Though the photos of Jaquess impersonating Ray Charles have since been taken down, his personal Facebook page had a photo of him dressed as a Native American woman at the time of this report.

“That picture was 10 or 11 years ago at a Falls Creek Baptist Church youth camp,” Jaquess said in reference to the photo of him dressed as a Native American. “Multiple years, we have different themes, and that theme was cowboys and Indians.”

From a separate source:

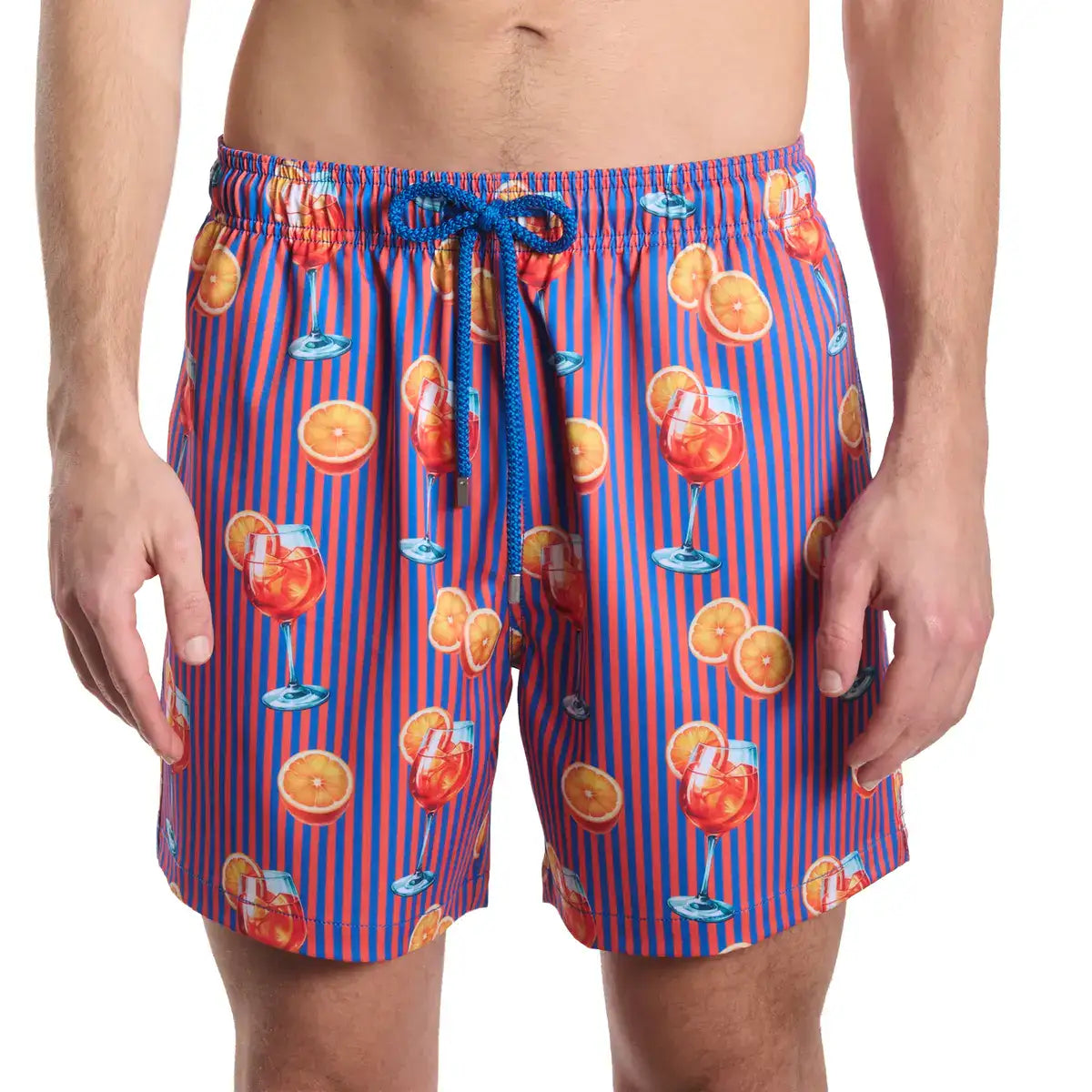 Sunset Spritz, Ocean and Heat men's hybrid swim short in a purple and coral stripe with a spritz cocktail print, front view, second angle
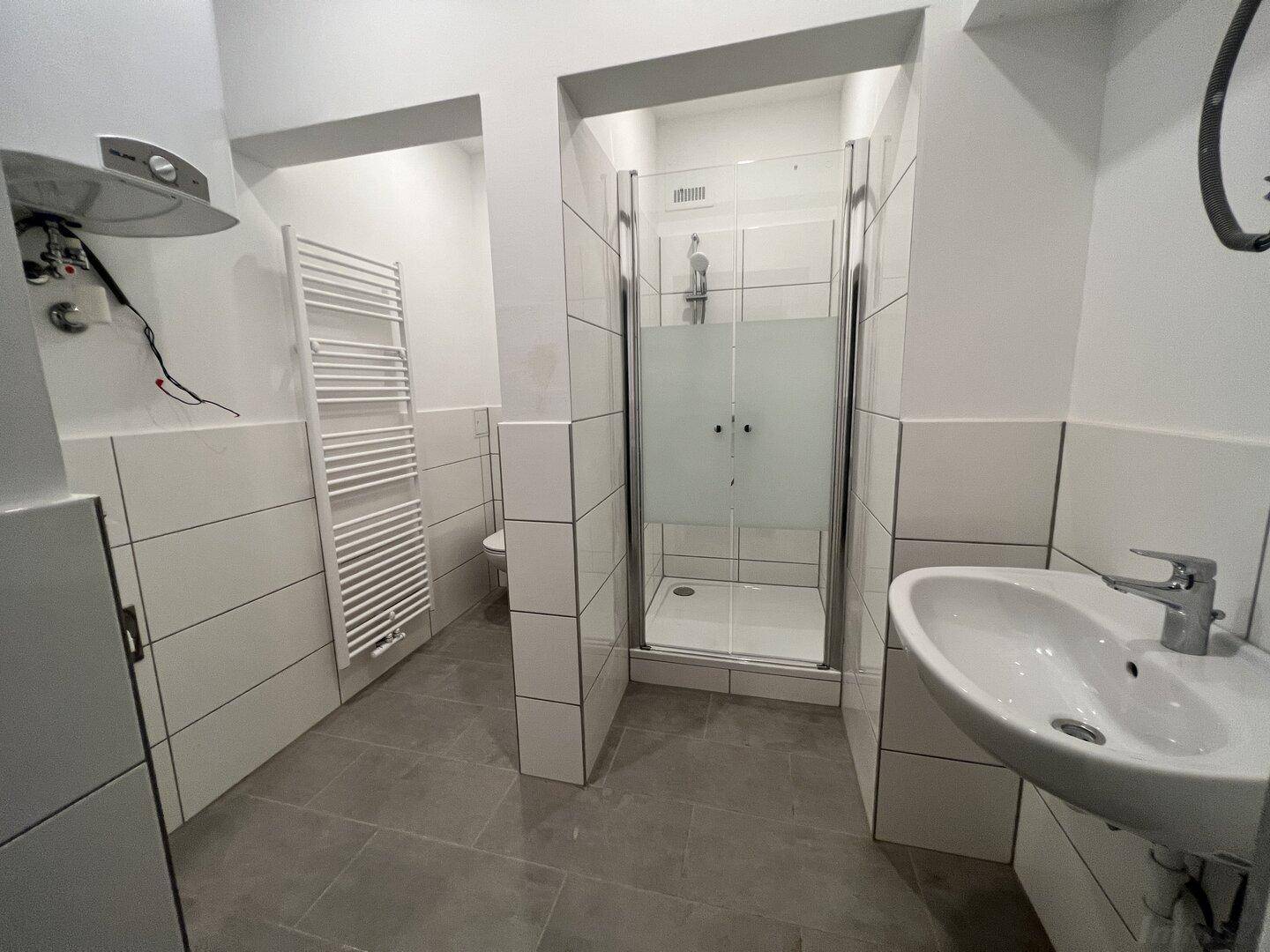 Modernes Badezimmer mit grauen Fliesen, Duschkabine, Waschbecken und beheiztem Handtuchhalter.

Jaquess said he felt what he wore was funny, adding that the death threats he had received over the photos had disappointed him. He also said people get offended too easily.

“I don’t apologize for it,” the man of God said. “This church is multiracial, has all different kinds of racial people in it.“

But Lewis said Jaquess refusing to render an apology was disappointing. He also said he hoped more religious leaders in Oklahoma aren’t repeating Jaquess’ actions. “To see this happen on such a scale and for [Jaquess] to be questioned about it and he still doesn’t apologize for it is very troubling for me,” Lewis said.